Well, lo and behold, one of this site's regular readers and article contributors, M.D., followed up with a raft of more recent articles about the PROMIS software scandal, which raft included the following, and it's a very disturbing read:
Are You Sure There is No Backdoor to Your Coins?
Now note this carefully:
Ignorance of how cryptocurrencies and blockchains work is a big moneymaker, at least if the growth industry in articles, websites, and comparison tools dedicated to explaining crypto is indicative of anything. But it would also seem to be a profit-generator in another, more marginal way.
For example, in the beginning of June it was revealed that Singaporean company Soar Labs had used a 'backdoor' in the code of its Soarcoin token to steal back 6.6 million dollars' worth of the cryptocurrency.
On the one hand, this seizure underlines the risk that other altcoins have backdoors written into their code that would allow developers to reclaim tokens at will from their holders. But on the other, it also underlines the danger of assuming that cryptocurrencies and blockchains are 'trustless,' and it suggests that token holders may need to become more technically literate in order to protect their investments. (Italicized emphasis added)
Gee... what a shock, colour me completely surprised (NOT) that a company, investment bank, or what-have-you, would put a backdoor in its program allowing it to track crypto-transactions and steal back money. Why, weren't crypto-currencies supposed to be the most trustworthy thing to come along since sanctity itself?
And for those familiar with the mining of cryptos, what better type of software to do such a thing, and what is alleged that PROMIS was able to do, i.e., track things through multiple databases in whatever computer language?
And what's intriguing to me is that if you followed the PROMIS software story closely, Singapore was one of those places where it may have landed. While I cannot post anything here, the reader can do a search for "PROMIS software Singapore," and will discover some very odd results are returned, to the extent that it does make one wonder just to what extent the two stories - crptyo-currency back doors, and PROMIS - might be related.
But wait, the story does not stop there:
What's significant about this case is that Soarcoin is an ERC20, Ethereum-based cryptocurrency. It therefore highlights the possibility that other altcoins, based on Ethereum or other popular blockchains, have backdoors written into them.
There are certain currencies that are rumoured to have a backdoor (e.g. Zcash). However, in a blog published last year, bitcoin developer Udi Wertheimer confirmed that Bancor – an Ethereum-based platform/token that enables direct trading of cryptocurrencies – also contained certain undeclared backdoors that permitted its developers to "take anyone’s [Bancor] tokens arbitrarily," among other things.

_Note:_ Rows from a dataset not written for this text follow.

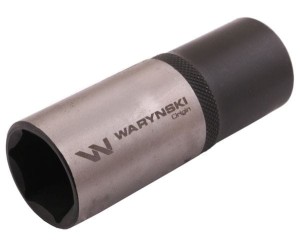 Nasadka sześciokątna 1/2" 24 mm długa CrV50BV30 DIN 3124 Waryński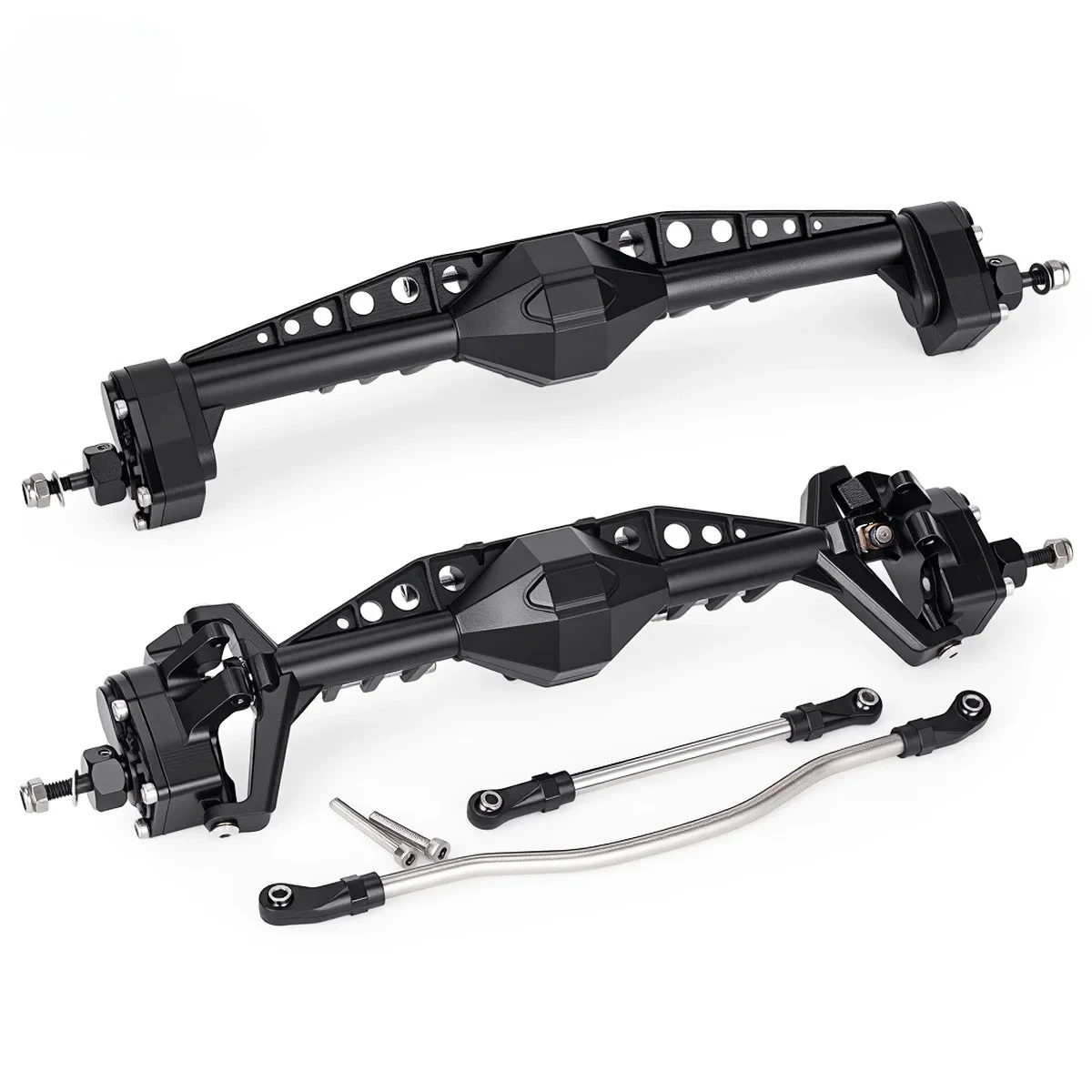 1/10 Plastic Portal Axles Complete Front Rear Replacement Upgrade Part for 1/10 RC Crawler Axial Capra UTB10 1.9 UTB F9 Car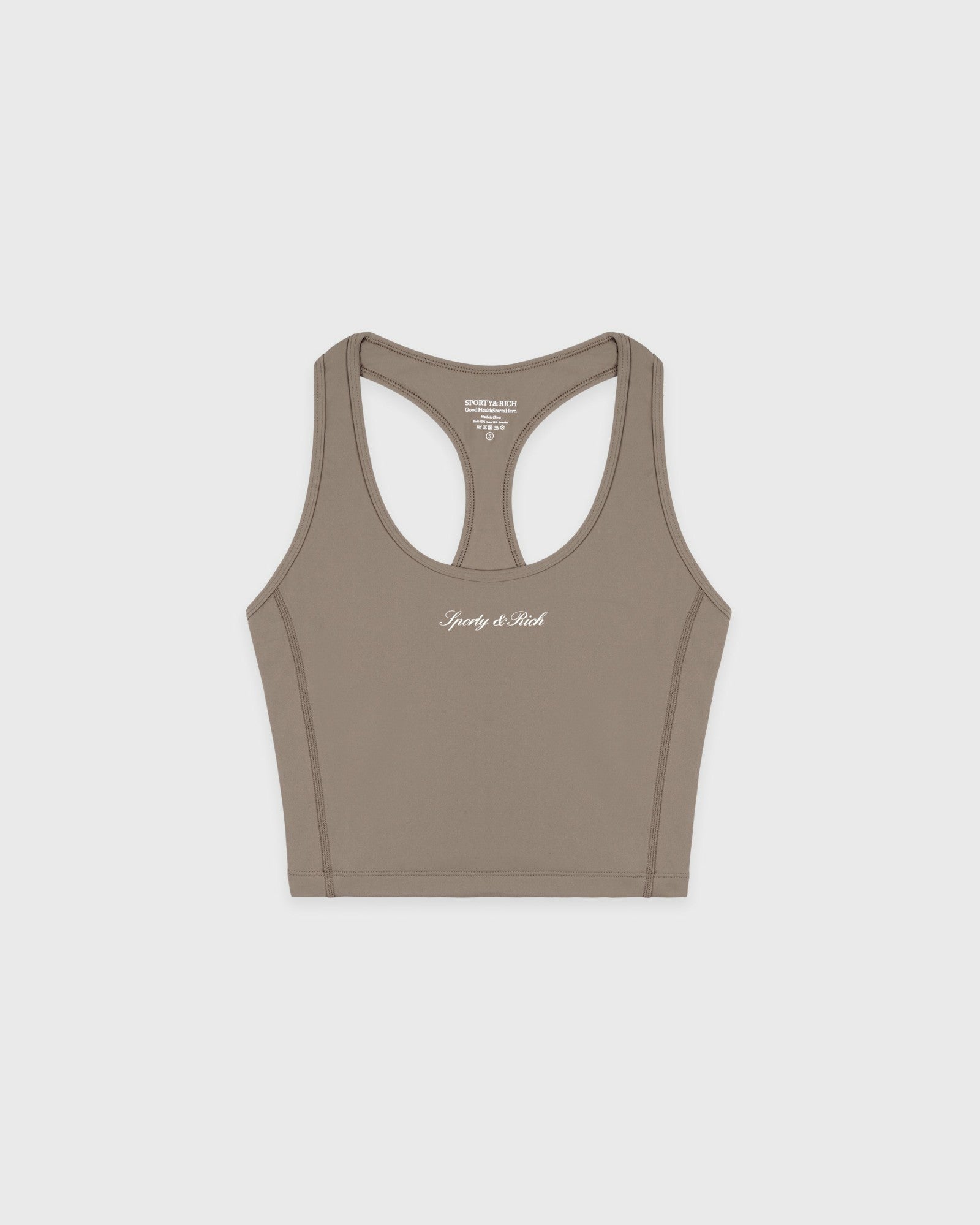 Signature Logo Sports Tank - Hazelnut Sporty & Rich Discount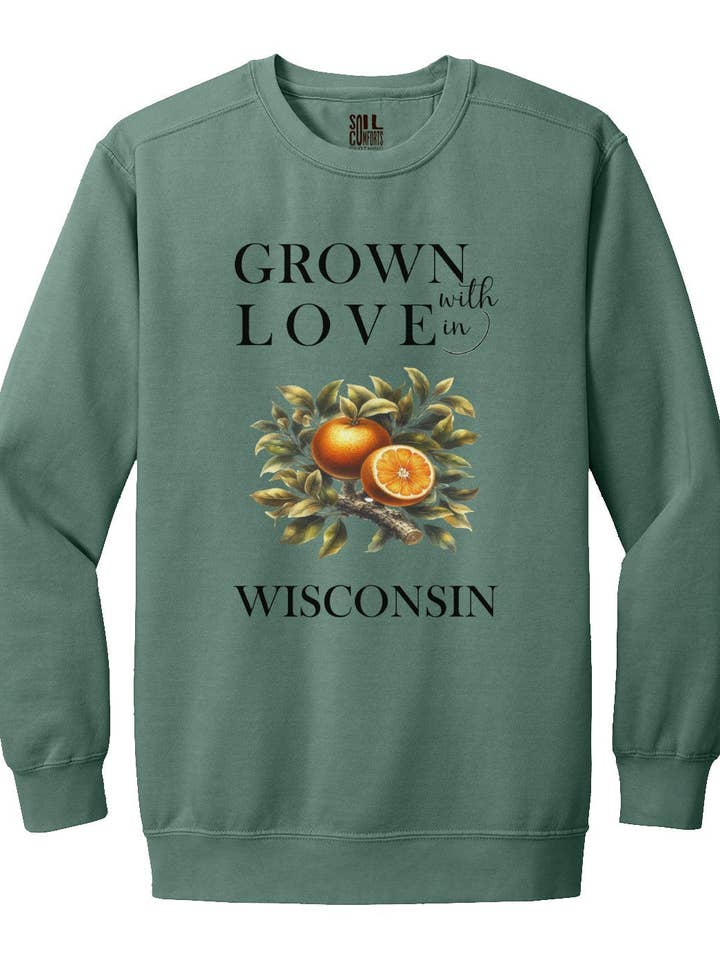 Sweatshirt Wisconsin Oranges pour la vente par Soil Comforts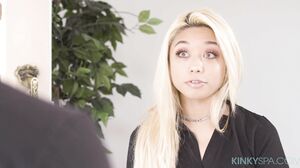 Gia DiBella - KinkySpa - Gia Dibella shows a walk-in customer what Kinky Spa is all about Andreia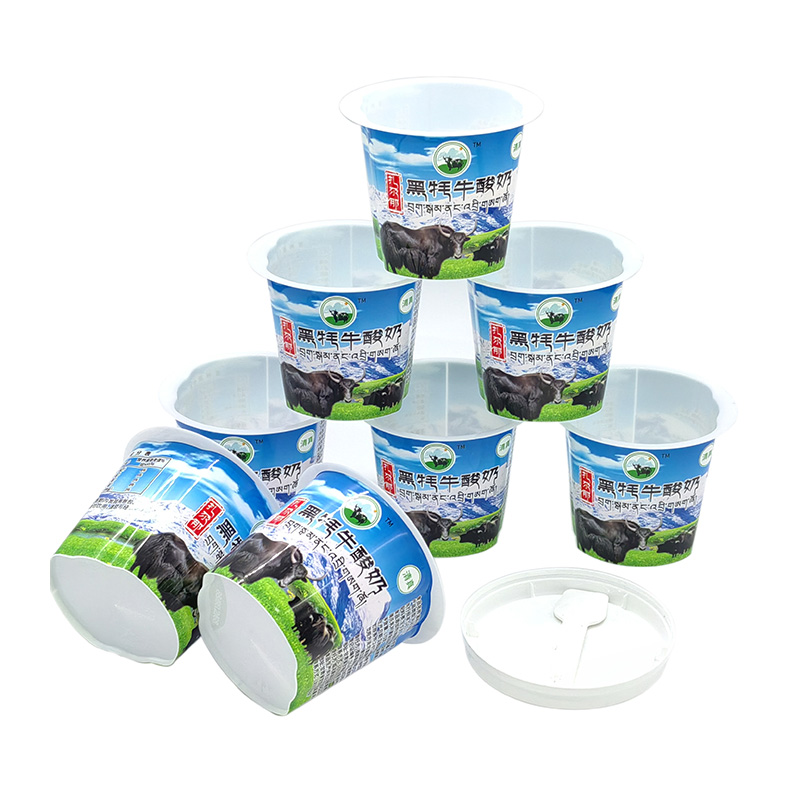 Recipiente de helado de plástico PP IML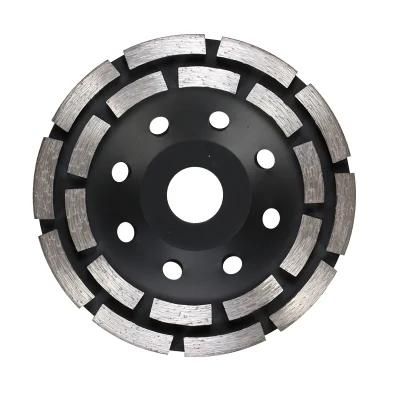 110mm Double Row Diamond Cup Grinding Wheel for Concrete Polishing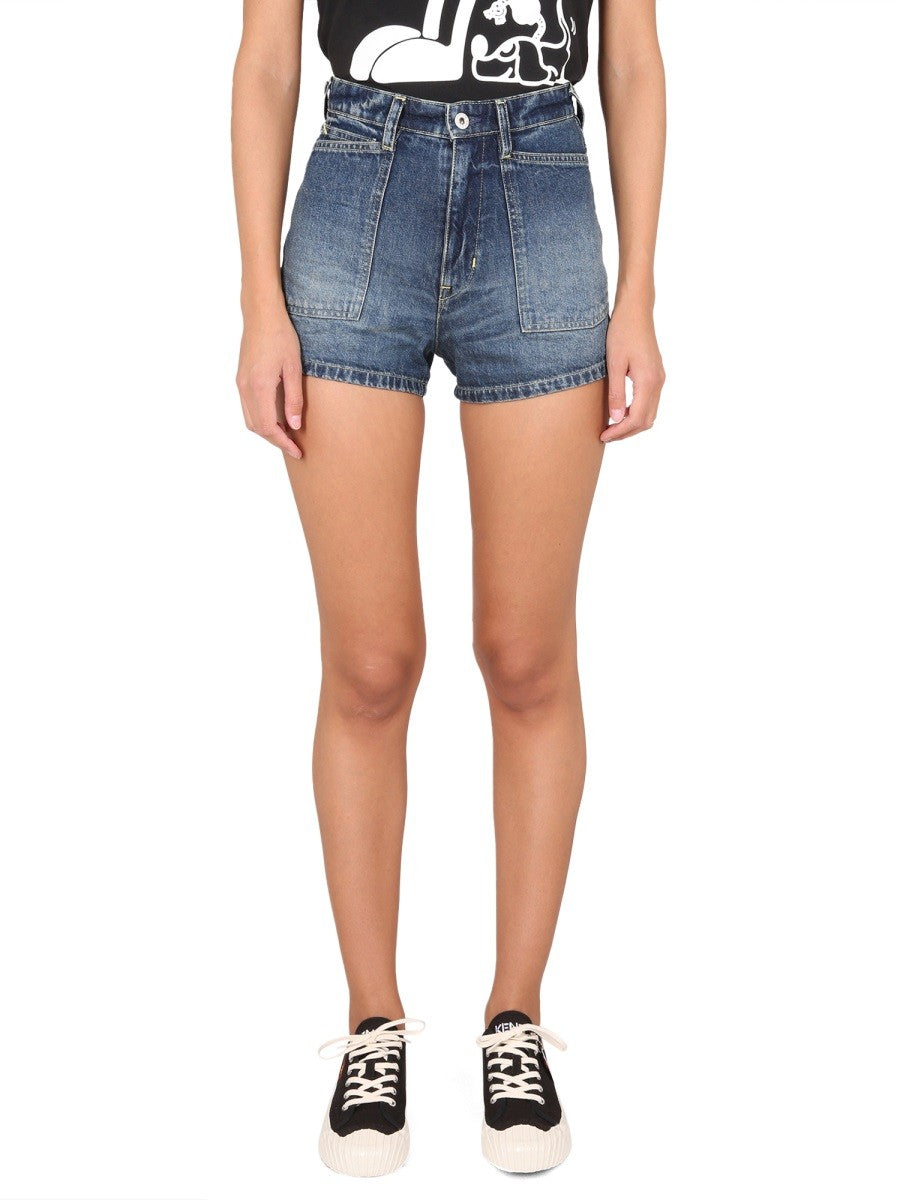 Kenzo - Woman - Blue - Shorts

While Bancor defended its implementation of such backdoors in terms of protecting token holders in the event of "a potential security breach," their existence nonetheless emphasises the fact that some cryptocurrencies remain relatively centralised, with godlike power remaining in the hands of a few actors. (Italicized emphasis added)
The article ends with this warning:
- Backdoors aren't ever noticed by the everyday users of a cryptocurrency/platform, but by a researcher or hacker who eventually takes the time to scrutinise its code;
- Despite the 'decentralisation' of crypto, there are still plenty of points at which centralisation can re-enter and exert control.
And as the above shows, many of these "points" reside in backdoor lines of code, which 99% of crypto holders are unequipped to check. While this raises concern over what the future of cryptocurrencies and altcoins might have in store for users, it's worth pointing out the the Soarcoin case is the only known example of a backdoor actually being used. At least for now.